Em coletiva realizada por integrantes da oposição na segunda-feira (21), o líder do Partido Liberal na Câmara, Sóstenes Cavalcante (PL-RJ), confirmou que a possibilidade de Eduardo assumir um cargo no Executivo estadual está sendo considerada. Segundo o G1, já foi enviada ao STF uma consulta informal envolvendo uma eventual nomeação no governo do Rio de Janeiro, comandado por Cláudio Castro (PL).

Na terça-feira, o líder do PT na Câmara, Lindbergh Farias (PT-RJ), protocolou uma nova ação na Corte contra Eduardo. No documento, solicitou ao ministro Alexandre de Moraes uma medida cautelar que impeça o deputado de ser nomeado para cargos comissionados de livre nomeação ou funções de confiança nas esferas estadual, distrital ou municipal. Também pede o afastamento cautelar do exercício do mandato, argumentando que ele estaria sendo instrumentalizado para a continuidade de condutas ilícitas.

Além disso, Farias requer que governadores e o governador do Distrito Federal sejam impedidos de formalizar qualquer vínculo funcional, direto ou indireto, com o parlamentar, sob pena de responsabilização criminal e político-administrativa. No dia anterior, Moraes já havia atendido a outro pedido do petista e determinado o bloqueio de contas bancárias e bens de Eduardo Bolsonaro.

Caso similar

O advogado e ex-juiz Márlon Reis, um dos idealizadores da Lei da Ficha Limpa (Lei Complementar nº 135/2010), relembrou um precedente relevante do STF em 2016. Na ocasião, o ministro Gilmar Mendes suspendeu a nomeação do ex-presidente Luiz Inácio Lula da Silva para a chefia da Casa Civil no governo Dilma Rousseff, entendendo que a medida visava garantir foro privilegiado ao petista e impedir sua responsabilização na Operação Lava Jato. Para a Corte, isso configurou desvio de finalidade e afronta à Constituição.
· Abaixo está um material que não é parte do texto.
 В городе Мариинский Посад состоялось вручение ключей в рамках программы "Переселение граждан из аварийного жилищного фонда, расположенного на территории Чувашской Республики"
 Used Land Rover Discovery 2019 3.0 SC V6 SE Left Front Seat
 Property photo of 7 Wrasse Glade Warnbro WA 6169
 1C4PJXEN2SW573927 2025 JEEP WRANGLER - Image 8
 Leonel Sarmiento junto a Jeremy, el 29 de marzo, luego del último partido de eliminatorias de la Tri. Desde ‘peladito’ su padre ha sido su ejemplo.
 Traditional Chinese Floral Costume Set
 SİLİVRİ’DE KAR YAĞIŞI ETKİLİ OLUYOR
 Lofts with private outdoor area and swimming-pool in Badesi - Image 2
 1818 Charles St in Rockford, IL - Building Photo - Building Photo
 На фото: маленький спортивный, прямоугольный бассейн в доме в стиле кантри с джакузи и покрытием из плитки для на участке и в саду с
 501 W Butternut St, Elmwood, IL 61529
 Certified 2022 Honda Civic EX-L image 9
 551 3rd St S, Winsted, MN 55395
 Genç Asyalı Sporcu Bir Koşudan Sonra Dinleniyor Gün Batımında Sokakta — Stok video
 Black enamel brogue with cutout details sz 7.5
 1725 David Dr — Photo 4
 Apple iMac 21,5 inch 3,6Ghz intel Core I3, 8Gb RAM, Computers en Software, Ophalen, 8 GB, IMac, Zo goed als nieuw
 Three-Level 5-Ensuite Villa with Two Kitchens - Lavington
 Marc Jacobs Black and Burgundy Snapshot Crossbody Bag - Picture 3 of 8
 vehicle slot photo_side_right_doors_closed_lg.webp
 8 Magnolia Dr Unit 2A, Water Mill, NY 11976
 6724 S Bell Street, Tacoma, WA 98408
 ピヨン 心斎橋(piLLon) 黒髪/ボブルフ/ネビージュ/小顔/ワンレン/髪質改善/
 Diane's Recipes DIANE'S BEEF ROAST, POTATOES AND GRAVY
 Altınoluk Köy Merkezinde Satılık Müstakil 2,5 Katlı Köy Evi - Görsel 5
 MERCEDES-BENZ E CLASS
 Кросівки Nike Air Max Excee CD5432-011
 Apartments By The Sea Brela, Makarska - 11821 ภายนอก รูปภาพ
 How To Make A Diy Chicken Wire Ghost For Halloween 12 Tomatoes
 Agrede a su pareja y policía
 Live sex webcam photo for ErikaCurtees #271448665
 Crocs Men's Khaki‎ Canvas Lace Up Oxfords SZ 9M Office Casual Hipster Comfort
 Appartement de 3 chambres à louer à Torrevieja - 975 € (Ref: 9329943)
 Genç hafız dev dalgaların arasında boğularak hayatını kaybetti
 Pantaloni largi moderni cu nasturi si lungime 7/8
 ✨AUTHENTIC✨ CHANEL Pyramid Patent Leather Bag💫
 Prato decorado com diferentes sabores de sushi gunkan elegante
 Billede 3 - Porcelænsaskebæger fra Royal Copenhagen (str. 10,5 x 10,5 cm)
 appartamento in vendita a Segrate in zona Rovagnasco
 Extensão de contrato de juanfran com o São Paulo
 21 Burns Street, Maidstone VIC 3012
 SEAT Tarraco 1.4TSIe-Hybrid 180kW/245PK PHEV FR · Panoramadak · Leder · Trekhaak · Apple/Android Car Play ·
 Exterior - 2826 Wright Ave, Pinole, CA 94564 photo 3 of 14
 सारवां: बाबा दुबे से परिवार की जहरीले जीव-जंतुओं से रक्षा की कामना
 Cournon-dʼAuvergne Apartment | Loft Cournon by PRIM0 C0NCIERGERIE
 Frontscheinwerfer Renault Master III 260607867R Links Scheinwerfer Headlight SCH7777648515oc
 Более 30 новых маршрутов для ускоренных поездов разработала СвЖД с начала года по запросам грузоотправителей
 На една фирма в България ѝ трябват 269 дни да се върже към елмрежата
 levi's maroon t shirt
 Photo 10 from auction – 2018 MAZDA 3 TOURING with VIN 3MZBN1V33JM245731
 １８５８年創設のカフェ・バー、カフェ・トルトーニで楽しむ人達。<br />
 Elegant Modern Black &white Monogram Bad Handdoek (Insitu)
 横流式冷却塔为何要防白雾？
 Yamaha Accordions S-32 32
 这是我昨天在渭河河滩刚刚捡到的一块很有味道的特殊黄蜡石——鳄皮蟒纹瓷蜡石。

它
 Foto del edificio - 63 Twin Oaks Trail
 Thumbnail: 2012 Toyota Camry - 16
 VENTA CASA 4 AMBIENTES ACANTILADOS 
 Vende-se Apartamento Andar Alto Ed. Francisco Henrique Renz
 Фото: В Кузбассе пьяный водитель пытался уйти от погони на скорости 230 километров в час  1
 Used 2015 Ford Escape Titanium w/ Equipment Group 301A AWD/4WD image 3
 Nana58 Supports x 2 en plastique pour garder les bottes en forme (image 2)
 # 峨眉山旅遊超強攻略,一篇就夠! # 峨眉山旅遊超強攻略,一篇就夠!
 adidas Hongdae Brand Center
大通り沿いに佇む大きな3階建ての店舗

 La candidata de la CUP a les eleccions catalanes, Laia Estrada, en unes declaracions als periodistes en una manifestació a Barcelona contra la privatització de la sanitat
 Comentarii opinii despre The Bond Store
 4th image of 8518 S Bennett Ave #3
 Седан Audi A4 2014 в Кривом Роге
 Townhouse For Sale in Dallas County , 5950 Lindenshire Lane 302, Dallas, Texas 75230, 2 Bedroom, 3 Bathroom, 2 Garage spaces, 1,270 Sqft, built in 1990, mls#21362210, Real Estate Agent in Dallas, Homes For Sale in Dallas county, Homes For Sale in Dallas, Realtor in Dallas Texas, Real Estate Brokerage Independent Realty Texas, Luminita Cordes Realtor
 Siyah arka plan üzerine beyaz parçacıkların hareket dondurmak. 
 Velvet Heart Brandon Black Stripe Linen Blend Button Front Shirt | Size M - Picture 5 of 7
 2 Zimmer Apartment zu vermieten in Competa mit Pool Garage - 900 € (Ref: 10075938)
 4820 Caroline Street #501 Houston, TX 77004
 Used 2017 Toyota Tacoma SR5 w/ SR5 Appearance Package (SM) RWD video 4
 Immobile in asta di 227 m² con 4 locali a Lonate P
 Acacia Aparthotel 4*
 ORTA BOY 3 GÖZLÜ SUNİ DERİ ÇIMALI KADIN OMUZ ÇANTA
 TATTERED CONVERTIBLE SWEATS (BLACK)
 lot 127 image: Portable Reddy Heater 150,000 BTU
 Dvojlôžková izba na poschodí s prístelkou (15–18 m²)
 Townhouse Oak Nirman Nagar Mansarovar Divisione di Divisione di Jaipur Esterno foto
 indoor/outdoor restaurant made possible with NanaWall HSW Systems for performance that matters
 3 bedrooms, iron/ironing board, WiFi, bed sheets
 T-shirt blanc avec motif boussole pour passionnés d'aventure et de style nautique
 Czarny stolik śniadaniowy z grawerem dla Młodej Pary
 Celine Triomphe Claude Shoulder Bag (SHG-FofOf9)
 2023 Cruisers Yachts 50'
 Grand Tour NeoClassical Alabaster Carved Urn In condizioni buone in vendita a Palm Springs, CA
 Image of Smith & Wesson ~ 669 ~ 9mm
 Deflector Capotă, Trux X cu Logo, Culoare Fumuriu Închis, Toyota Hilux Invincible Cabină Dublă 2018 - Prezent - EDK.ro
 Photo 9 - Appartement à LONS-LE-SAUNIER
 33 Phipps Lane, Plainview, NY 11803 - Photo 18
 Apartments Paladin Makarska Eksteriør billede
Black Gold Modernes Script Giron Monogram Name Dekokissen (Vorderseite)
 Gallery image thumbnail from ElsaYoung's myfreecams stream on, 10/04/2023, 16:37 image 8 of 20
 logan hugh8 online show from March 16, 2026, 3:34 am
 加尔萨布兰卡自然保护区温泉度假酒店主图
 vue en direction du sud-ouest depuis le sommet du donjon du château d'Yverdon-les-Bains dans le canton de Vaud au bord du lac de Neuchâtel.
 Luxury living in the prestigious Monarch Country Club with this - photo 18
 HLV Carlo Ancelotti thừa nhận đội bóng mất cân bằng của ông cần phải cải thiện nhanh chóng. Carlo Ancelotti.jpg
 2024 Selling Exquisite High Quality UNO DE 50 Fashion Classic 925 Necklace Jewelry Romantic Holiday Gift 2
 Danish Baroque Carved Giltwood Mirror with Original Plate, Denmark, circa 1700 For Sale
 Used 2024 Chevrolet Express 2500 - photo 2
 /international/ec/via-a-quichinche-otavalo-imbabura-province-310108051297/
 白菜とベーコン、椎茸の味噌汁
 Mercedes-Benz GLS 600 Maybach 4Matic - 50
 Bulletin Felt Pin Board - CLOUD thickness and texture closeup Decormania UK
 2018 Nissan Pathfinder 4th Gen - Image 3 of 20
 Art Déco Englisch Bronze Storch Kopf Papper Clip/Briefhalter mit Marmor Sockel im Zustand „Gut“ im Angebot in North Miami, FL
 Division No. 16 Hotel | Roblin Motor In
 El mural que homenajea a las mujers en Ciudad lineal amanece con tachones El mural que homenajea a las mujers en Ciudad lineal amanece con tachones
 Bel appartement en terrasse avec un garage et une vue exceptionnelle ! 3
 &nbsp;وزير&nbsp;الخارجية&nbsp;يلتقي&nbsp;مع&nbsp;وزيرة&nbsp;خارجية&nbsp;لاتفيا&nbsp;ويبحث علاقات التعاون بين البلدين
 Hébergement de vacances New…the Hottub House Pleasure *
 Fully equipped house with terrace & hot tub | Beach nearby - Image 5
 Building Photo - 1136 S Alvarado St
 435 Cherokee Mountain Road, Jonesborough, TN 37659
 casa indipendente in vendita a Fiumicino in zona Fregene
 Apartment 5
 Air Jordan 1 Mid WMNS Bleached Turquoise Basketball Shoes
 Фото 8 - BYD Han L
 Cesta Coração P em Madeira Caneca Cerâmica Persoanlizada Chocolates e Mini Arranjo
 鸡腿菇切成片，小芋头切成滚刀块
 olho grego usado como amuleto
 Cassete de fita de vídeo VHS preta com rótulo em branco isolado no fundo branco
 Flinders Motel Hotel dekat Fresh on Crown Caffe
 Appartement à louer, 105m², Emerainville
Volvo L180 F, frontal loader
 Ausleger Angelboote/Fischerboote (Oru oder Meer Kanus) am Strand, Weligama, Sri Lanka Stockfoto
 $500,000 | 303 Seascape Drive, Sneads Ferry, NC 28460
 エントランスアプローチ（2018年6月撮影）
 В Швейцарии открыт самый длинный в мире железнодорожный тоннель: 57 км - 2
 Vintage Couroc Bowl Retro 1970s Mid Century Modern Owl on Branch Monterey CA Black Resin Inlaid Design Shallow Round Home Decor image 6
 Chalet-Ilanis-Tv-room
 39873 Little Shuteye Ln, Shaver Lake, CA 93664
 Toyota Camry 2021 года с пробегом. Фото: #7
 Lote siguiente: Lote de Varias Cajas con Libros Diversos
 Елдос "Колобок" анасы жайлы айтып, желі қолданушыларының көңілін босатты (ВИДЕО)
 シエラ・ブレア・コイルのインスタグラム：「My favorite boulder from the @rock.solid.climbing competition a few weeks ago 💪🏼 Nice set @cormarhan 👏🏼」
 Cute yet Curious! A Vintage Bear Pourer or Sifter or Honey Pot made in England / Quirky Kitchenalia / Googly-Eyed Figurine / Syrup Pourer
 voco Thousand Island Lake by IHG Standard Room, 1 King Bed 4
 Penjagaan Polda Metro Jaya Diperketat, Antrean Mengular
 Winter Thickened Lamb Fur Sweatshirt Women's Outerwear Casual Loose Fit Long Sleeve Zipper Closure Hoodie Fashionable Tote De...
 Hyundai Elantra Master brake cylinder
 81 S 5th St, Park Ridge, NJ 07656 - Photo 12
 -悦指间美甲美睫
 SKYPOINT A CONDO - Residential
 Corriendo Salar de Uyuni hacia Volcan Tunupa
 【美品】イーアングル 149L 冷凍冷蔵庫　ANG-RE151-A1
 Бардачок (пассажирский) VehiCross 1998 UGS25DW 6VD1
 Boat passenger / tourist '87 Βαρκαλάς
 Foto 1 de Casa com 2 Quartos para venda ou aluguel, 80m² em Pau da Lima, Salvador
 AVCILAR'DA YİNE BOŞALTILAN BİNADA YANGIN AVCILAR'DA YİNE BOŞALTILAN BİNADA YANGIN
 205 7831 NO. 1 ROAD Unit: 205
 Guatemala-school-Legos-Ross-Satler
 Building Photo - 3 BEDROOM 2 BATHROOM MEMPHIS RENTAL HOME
No caso de Eduardo, segundo Reis, a irregularidade estaria no fato de ele não estar em território nacional e, aparentemente, não ter intenção de retornar. “A nomeação, portanto, teria como único propósito impedir a contagem de faltas por sua ausência na Câmara dos Deputados — algo que tem sido, inclusive, publicamente admitido por seus aliados. O nome disso, como já reconheceu o STF, é fraude. O precedente de 2016 se aplica com clareza”, afirmou. Os argumentos de Reis são compartilhados por Flávio Vieira.